Wooing overseas S'poreans By Derrick Ho , Gracia Chiang and Sharon Lin
Publisher:The Straits Times - Publication Date: 15-06-2008

It was Sept 11, 2001 that changed Amy Hwang's trajectory.
Although she had been scheduled to take United Airlines Flight 175 for Los Angeles to visit a friend, a computer glitch switched Hwang's flight to Sept 10 instead.
The next morning, Flight 175 smashed into the South Tower of the World Trade Centre. "Everything could have ended there and then. I just wanted to be with my family...I just wanted to go home," she says.
The 31-year-old former communications executive, who is now on a break from work, spent 13 years completing her high school and university education, then working in Australia. This is her third attempt to settle back in Singapore.

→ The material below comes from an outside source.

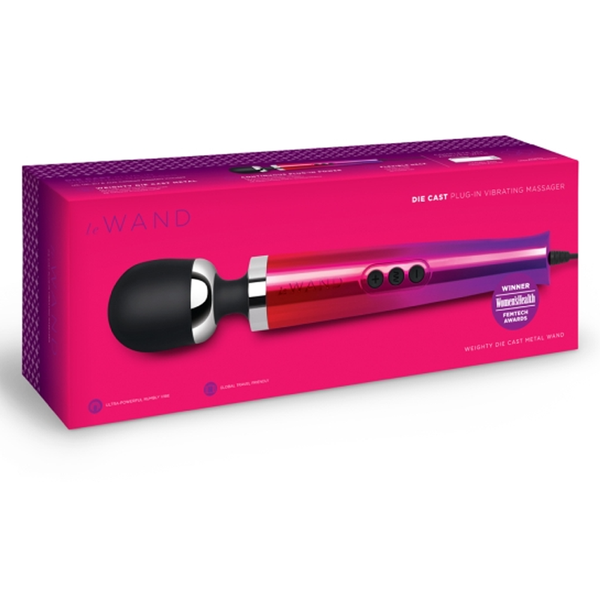 Die Cast Plug-In Vibrating Massager - Ombre packaging, sex toys Idaho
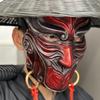 XMKJCHA Newcomer Japanese Mask Halloween, Longhorn Hannya Mask Painted Pendant Props Wearable Masks for Cosplay Party(Type 9) view 4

She first came home in 1999 to work in a dot.com company. She was a fresh graduate from the Curtin University of Technology in Perth. But, two years later, she quit and took off for a summer course in Boston.
That year, her close shave with the New York terror attacks made her catch the first flight home. Still, she left again in 2003 for Perth to pursue career opportunities.
For the past three years, her longest stretch here since 2001, she has remained in Singapore to be with her elderly parents.
Even so, she says that she can take Singapore only in little doses. She packs her bags and leaves every month for places such as Viet Nam or Cambodia. Some trips are for work, but many are what she calls 'escape'. It is her way of easing back in.
Like her, many returnees find it hard to reconnect with the Singaporean way of life.
Their struggles have triggered support groups such as the Returned Overseas Singaporeans in Singapore (Ross).
Started in 2006, the group is an online forum for those who have worked and lived overseas, allowing them to network and share re-entry blues. It has 107 members who meet up for coffee or meals three to four times a year.
One of its organisers, San Choo, 59, a London-based Singaporean who has lived in Britain for 41 years, is trying to grow Ross into a lobby group for returnees. "At the moment, we're too small to be able to do much to help. I'm just hoping that, as we grow larger, we can actually be an active force in helping Singaporeans re-integrate," he says.
Bleeding talent
Today, there are more than 150,000 Singaporeans scattered across the globe, from the mega-cities of London and Shanghai to remote areas in Kazakhstan. The number has quadrupled since 1990 and is fast growing.
More Singaporeans are leaving, with relatively few returning. A survey by Singapore Press Holdings in 2006 revealed that more than half, or 53 per cent, of teens here want to leave permanently, compared to 28 per cent in Malaysia and 39 per cent in India.
Singapore eggs its citizens on to go global, yet reminds them that the door is always open for them to come home.
Prime Minister Lee Hsien Loong said in his 2006 National Day Rally speech: "We encourage Singaporeans to go abroad, spend time abroad, gain experience, understand how the world operates."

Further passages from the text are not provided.